What will we do when Gay Byrne dies? That day is still many years away, hopefully, but when Gaybo's time comes, how will Ireland mourn the death and celebrate the life of its greatest broadcaster? Now that the Princess Diana treatment – two books of condolences, a plethora of tribute shows, public tears and a live funeral attended by the president – have been given to a popular but much less historically important broadcaster, how do we pay appropriate tribute to the one person in RTÉ's history who might actually deserve such trappings?


To come at the question another way: had Gay Byrne died suddenly at age 53 in 1987, at the height of his brilliant career, would his death have been greeted with the same hysteria that has marked the past week? There would have been shock, obviously, and tributes. But would the wall that separates private grief from public interest have collapsed as spectacularly as it did over the last 10 days? Live funerals have traditionally been awarded to presidents and popes, as acknowledgement of their singular role in the histories of their nations. If they are to be handed out purely on the basis of celebrity, or the shock of premature death, or because the deceased worked in the national broadcaster and knew some people, it demeans the honour and renders it meaningless.


The decision to broadcast Ryan's funeral mass live on national radio reflects huge changes in Irish life over the last two decades. Celebrity and achievement are now regarded as sides of the same coin. There is no hierarchy of success. Everybody in the world of celebrity is treated the same way, which is to say nobody is regarded as being better or worse, or as having done a better or worse job, than anybody else. The result, which we've seen since Gerry Ryan's death, is that it becomes impossible for people to judge what is an appropriate tribute when somebody passes on. Hence the unbridled, over-the-top nature of the last week.


The media, naturally, has had a key role in creating the hype and hysteria. Ryan's death received more coverage in some tabloids on the day after his death as the 11 September 2001 attacks on the US did on 12 September. The madness continued for more than a week. Even when there was nothing left to say, the media found a thousand different ways to say it. Dave Fanning, clearly devastated by the death of a close friend, seemed taken aback by the hysteria of the media coverage. "Let's be honest about this," he said during the week. "Gerry could be a bollocks too. No question about that. He was self-centred in many ways".


It was a rare moment of balance in the ongoing deification of Gerry Ryan, from one of the few RTÉ people to behave as though Ryan's death was not about them, but about his wife, children, partner and siblings. Pat Kenny was another.
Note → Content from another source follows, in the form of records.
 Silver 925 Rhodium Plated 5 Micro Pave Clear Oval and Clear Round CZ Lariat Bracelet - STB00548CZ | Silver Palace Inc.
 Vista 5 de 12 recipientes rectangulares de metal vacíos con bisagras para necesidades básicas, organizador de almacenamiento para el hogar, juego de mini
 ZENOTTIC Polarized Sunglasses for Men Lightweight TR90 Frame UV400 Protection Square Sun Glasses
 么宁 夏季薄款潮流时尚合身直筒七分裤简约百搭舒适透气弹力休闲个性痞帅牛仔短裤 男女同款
His tribute to Ryan on The Late Late Show, in which he described the deceased as one of RTE's holy trinity, along with Gay Byrne and Terry Wogan, was as kind and decent as it was wide of the mark. (Byrne definitely, Wogan possibly, Kenny himself maybe, but Gerry Ryan?) Had Fanning and Kenny been in charge of RTÉ for the week, we might have got some sense of proportion on Ryan's death. Instead, all was out-of-control hysteria, which actually did Ryan a huge disservice by completely overplaying his role in broadcasting history.


It wasn't just the media which was to blame, of course. One characteristic of modern living which some Irish people share with the citizens of the UK and the US is a heightened sense of entitlement in which every event is judged on the basis of how it affects the individual. When somebody well-known dies, therefore, Johnny or Julie see the tragedy primarily as something which affects them, though they may never have met the deceased. Grieving becomes a competitive sport: "He was my radio husband"; "I feel like I've lost a friend". The demand to participate in something that has nothing to do with you, to be publicly validated by your display of grief, is overwhelming.
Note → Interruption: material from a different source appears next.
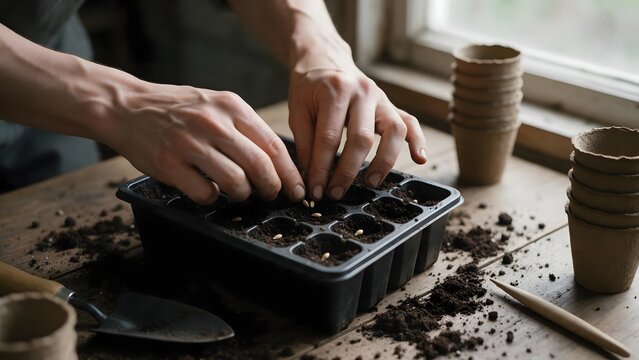 Hands planting seeds in a garden seed tray with fresh soil, surrounded by terracotta pots, representing home gardening and plant cultivation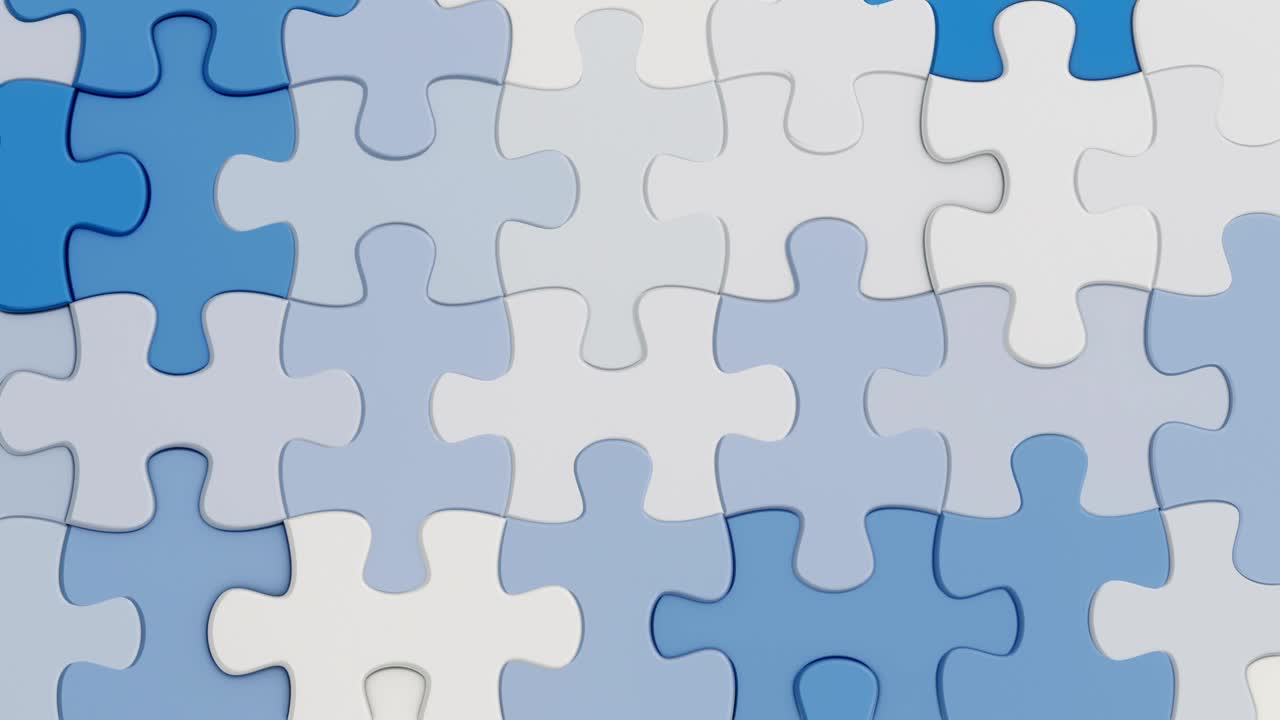 volar sobre piezas de rompecabezas azules y blancas donde falta un elemento.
This democratisation of grief isn't a good thing. The funerals of public figures have generally been a reliable guide to the achievements of the deceased, and to the relative contributions they made to the places and communities in which they lived. The media-driven hysteria over Ryan's death and the frankly stupid coverage of his funeral in papers like the Irish Daily Mail and The Star makes it more difficult to proportionately and fittingly celebrate achievement in the future. The ante has been upped. And not in a good way.


As double standards go... this one is Wilde


Let's see if I have this right. A majority of Dubliners who responded to a City Council survey want to change the official name of Merrion Square from Archbishop Ryan Park. This is because it is called after Dermot Ryan, who was criticised in the Murphy report for his totally inadequate response to reports of child sexual abuse by priests of his diocese when he was archbishop. However, in the same survey, there was overwhelming support for calling Merrion Square after Oscar Wilde, a literary genius, who paid teenage boys for sex. As double standards go, this one may never be beaten.